---------- PROVIDED DATA

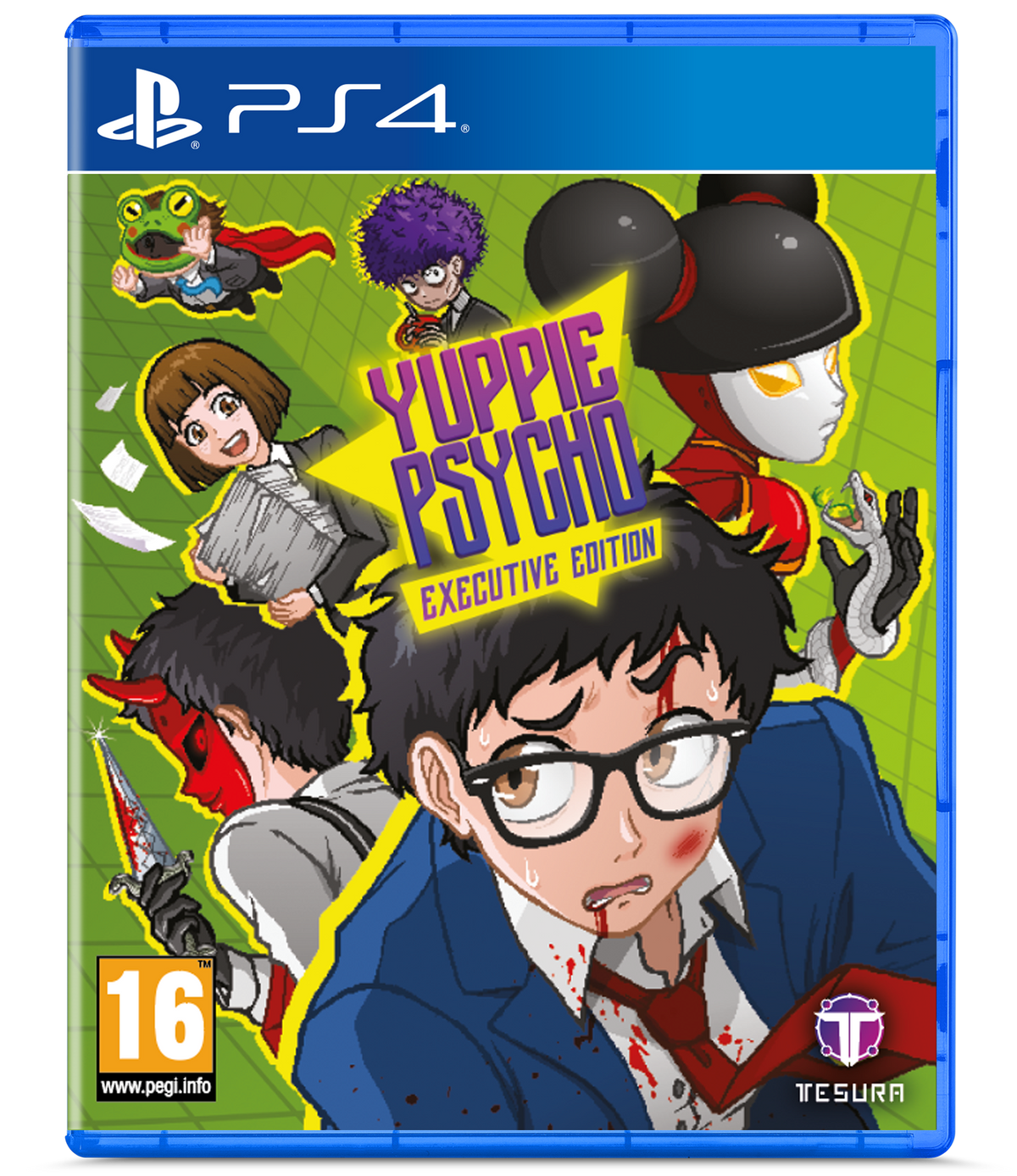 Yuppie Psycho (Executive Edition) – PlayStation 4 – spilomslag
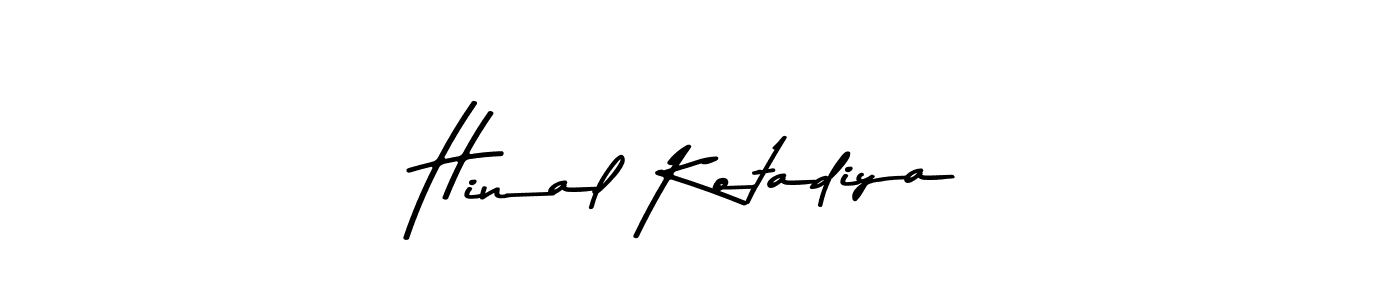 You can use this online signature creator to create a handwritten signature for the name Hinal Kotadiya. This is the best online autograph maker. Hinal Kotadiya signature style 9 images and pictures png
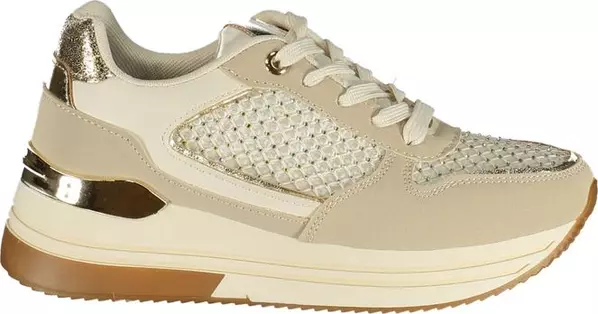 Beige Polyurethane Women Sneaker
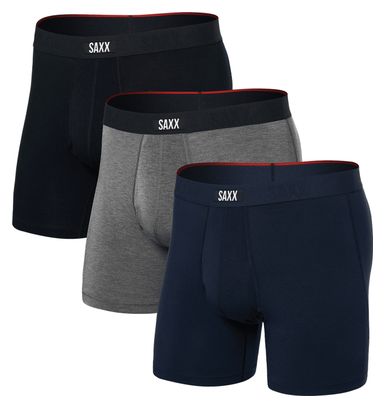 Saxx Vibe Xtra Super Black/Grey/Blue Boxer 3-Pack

--------------------

WORK TASK. From the line containing "Beige Polyurethane Women Sneaker" to the end of the listing, restate each line word for word and nothing more; the pictures stay out.

RESULT OF THE TASK.
 Beige Polyurethane Women Sneaker
 Saxx Vibe Xtra Super Black/Grey/Blue Boxer 3-Pack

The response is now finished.